The expected 6.6% rates rise could instead turn into an 8% cut.
None of these pleas have shifted the dial.
Councils, unsurprisingly, are generally in favour of change. The Christchurch City Council backed the Crown paying rates as long ago as 2007. In 2015, Local Government New Zealand, the sector’s lobby group, released a substantial discussion paper calling for most rating exemptions to go.
Last year, Auckland mayor Wayne Brown joined the cause in his usual blunt terms: “Why should central Government get a free ride? They use our infrastructure but don't pay the bill.” He also backed returning the GST on rates to councils.
Like so many before him, he hit a brick wall. “We will not be reconsidering rates exemptions for certain types of central Government properties at this stage,” Finance Minister Nicola Willis said in response.
Who should pick up the tab?
On this, reasonable people can disagree.
The most generous defence of the current exemptions is that they are largely an accounting trick. Whether money is collected via income tax in Wellington or via property rates in Christchurch, it still comes from the same taxpayers. Shifting the bill from one column to another does not magically create or destroy money.

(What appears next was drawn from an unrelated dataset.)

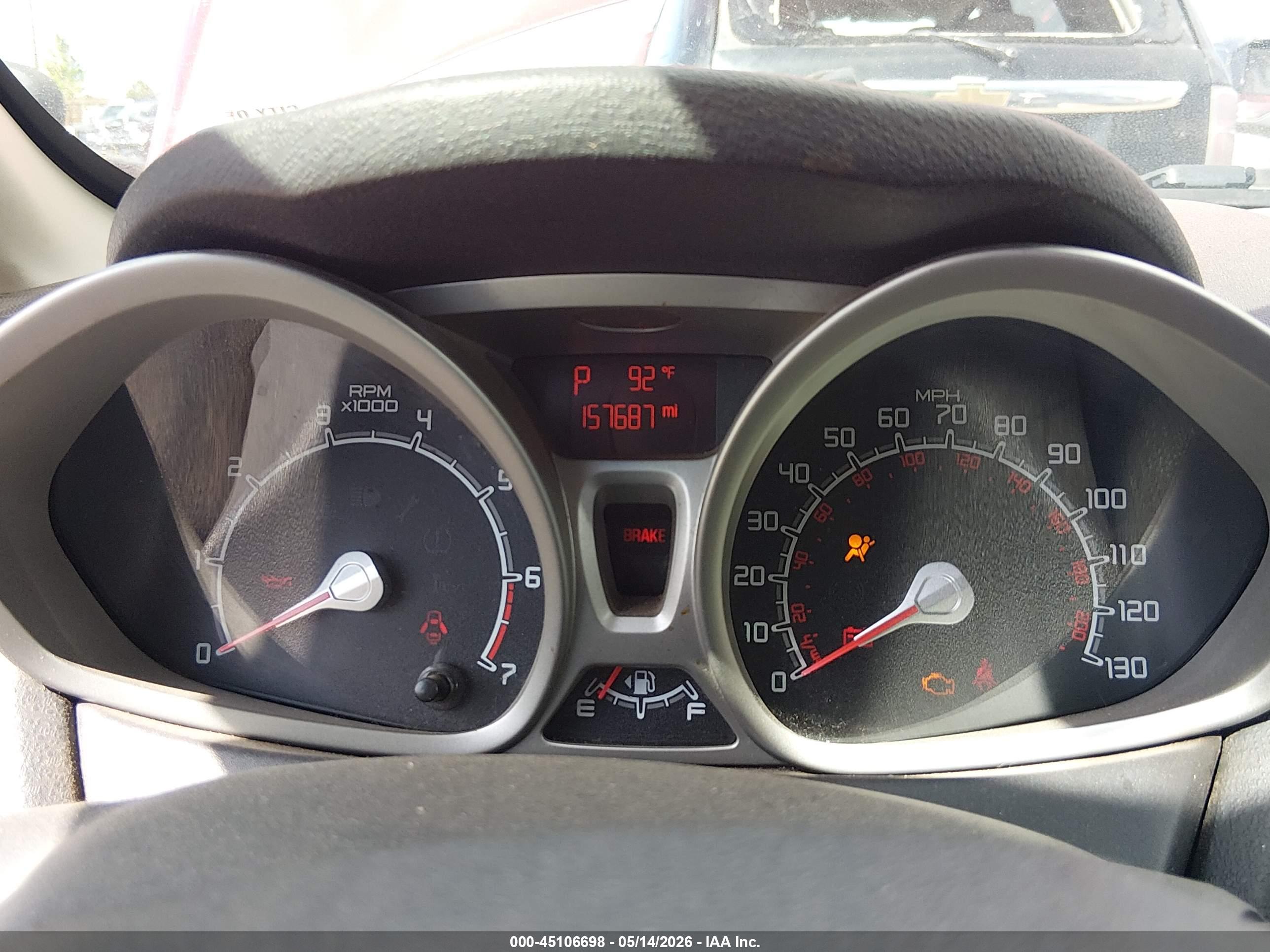 FORD FIESTA image 7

There is also a practical concern: The Crown risks becoming a convenient cash-cow for councils. Universities and hospitals won’t pack a sad and move if they don’t like a rates bill. In the wrong political hands, it’s not hard to imagine a struggling council effectively taxing the health system to fund a new stadium.
Yet in some cases, it does matter where tax is collected. Universities and hospitals are regional facilities, serving people outside of the city’s boundaries.
Under the current rules, a young electrician who has just bought her first home in Mairehau is helping underwrite facilities heavily used by older residents in Rangiora and students from Wellington. The costs are concentrated locally but the benefits are spread widely.
Then there is basic fairness. Hospitals, universities and schools clearly serve the public good, which is one justification for treating them gently. Yet that becomes an argument for even more exemptions. If the hospital doesn’t pay rates, why should a GP clinic?
Don’t mega-ratepayers like supermarkets and retirement villages also provide community benefits?
There is a possible middle ground. In some countries, the Government makes “payments in lieu of rates”. Rather than being fully exposed to the whims of a council’s rating policy, the Crown negotiates to pay a grant to cover its use of council resources.
This issue underscores a simple, uncomfortable reality: central government has been happy to load more work onto councils and let them take the political hit when costs go up.
Against that backdrop, the Crown’s refusal to revisit its own exemptions is a political choice. Wellington expects councils to maintain the roads to its hospitals and universities, to provide the water and stormwater networks, to plan for floods and rising seas – but will not seriously consider paying rates, sharing GST on rates, or otherwise meeting councils halfway.
With more overhauls ahead, the argument over who pays for what – and whether the Crown should keep its special treatment – is unlikely to fade.